#### [Instructions to follow]
In the records below, find the line with "Decora Donut and", then retype it and every following line exactly, stopping after the line with "jane harris, mackenzie". Leave the pictures out.

### Entries provided

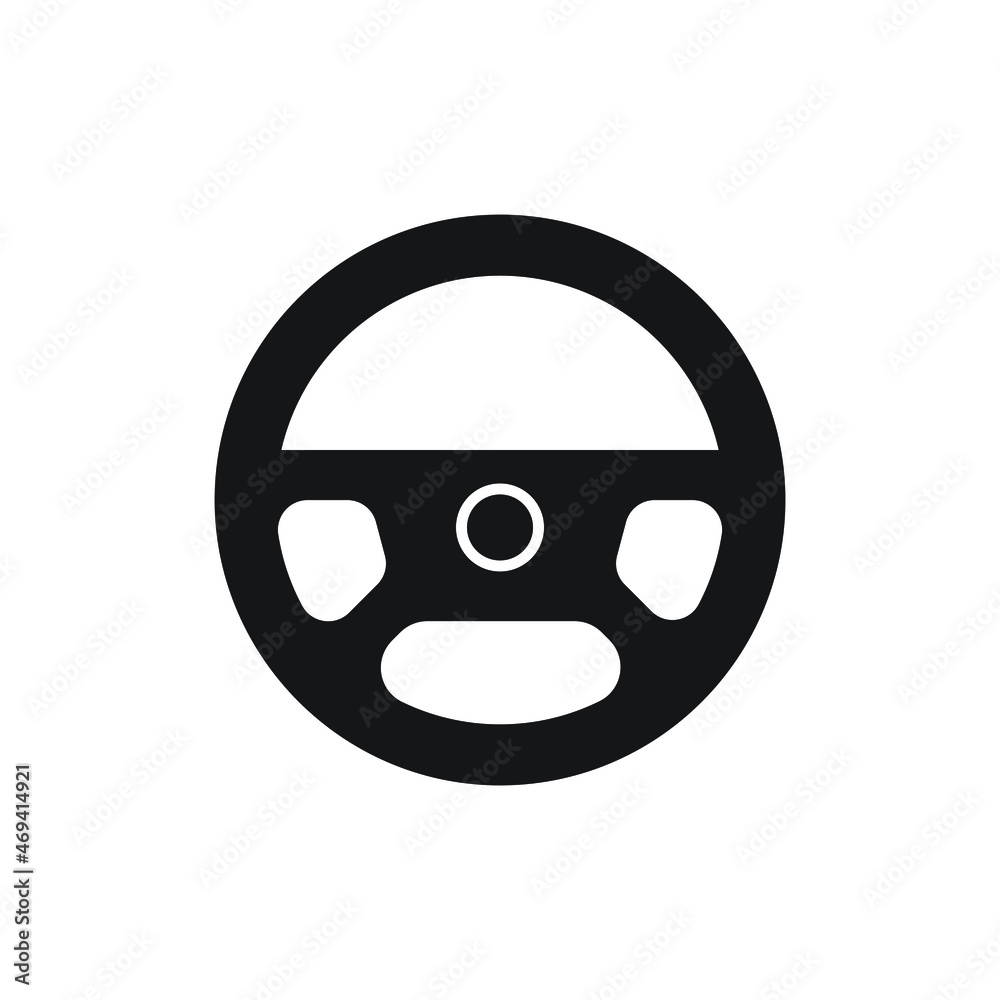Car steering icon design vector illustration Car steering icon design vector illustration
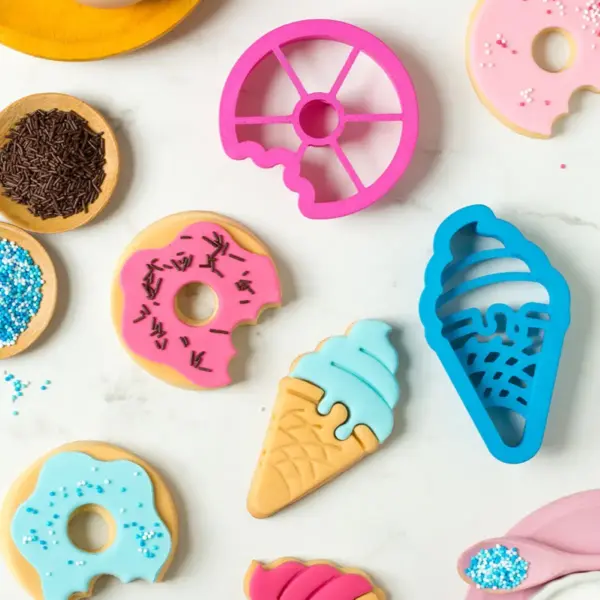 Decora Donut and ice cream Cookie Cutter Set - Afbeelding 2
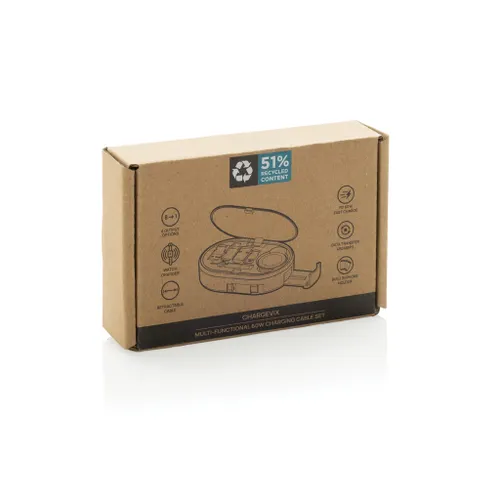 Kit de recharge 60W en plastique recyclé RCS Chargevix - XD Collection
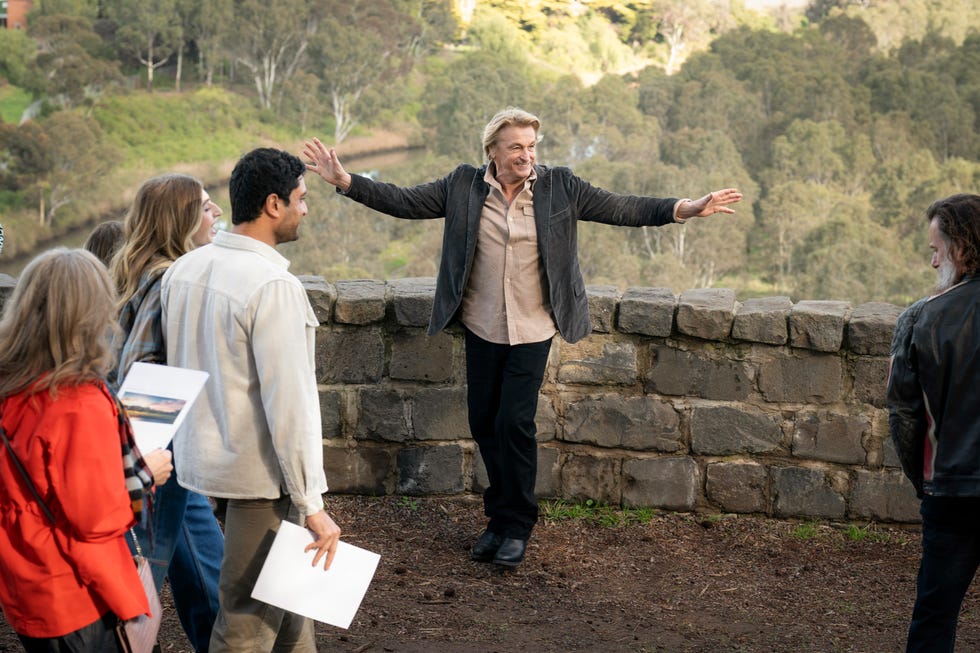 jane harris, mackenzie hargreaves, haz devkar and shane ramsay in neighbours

######
### Entries provided

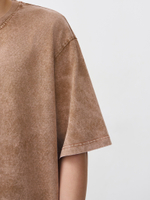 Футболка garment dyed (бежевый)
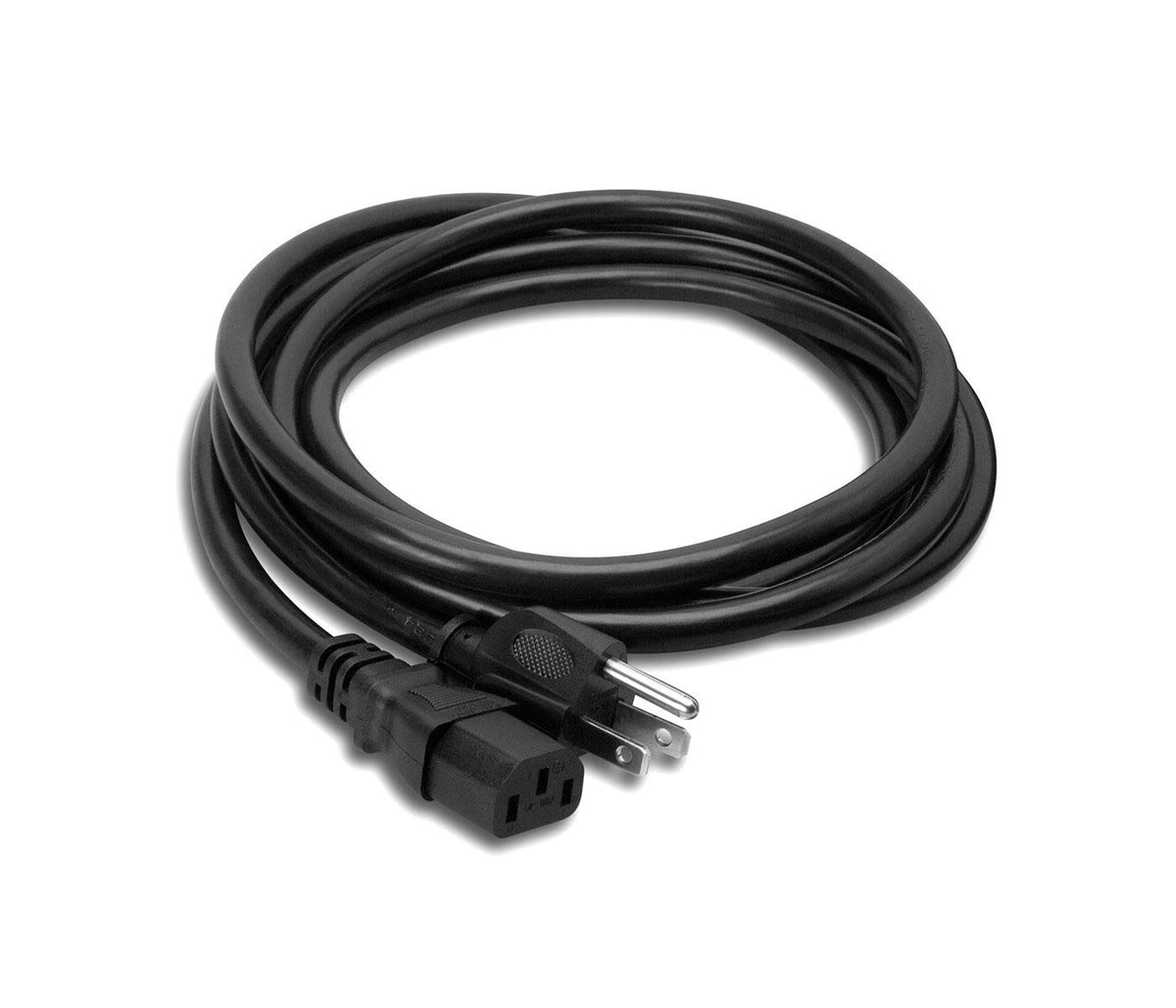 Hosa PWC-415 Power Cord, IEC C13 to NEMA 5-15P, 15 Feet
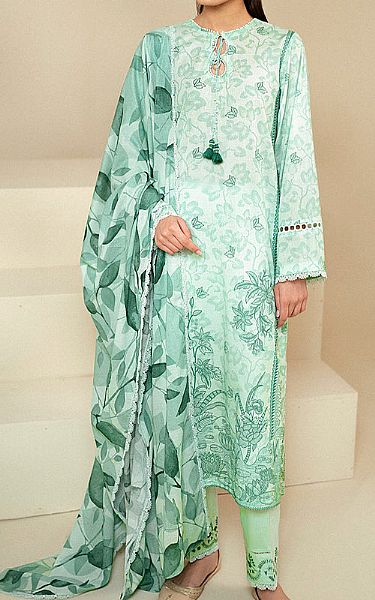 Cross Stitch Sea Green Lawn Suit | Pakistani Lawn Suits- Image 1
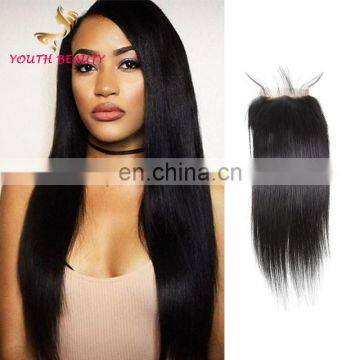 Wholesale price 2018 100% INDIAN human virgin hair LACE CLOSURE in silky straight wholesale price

######

#### [Output of the task]
 Decora Donut and ice cream Cookie Cutter Set - Afbeelding 2
 Kit de recharge 60W en plastique recyclé RCS Chargevix - XD Collection
 jane harris, mackenzie hargreaves, haz devkar and shane ramsay in neighbours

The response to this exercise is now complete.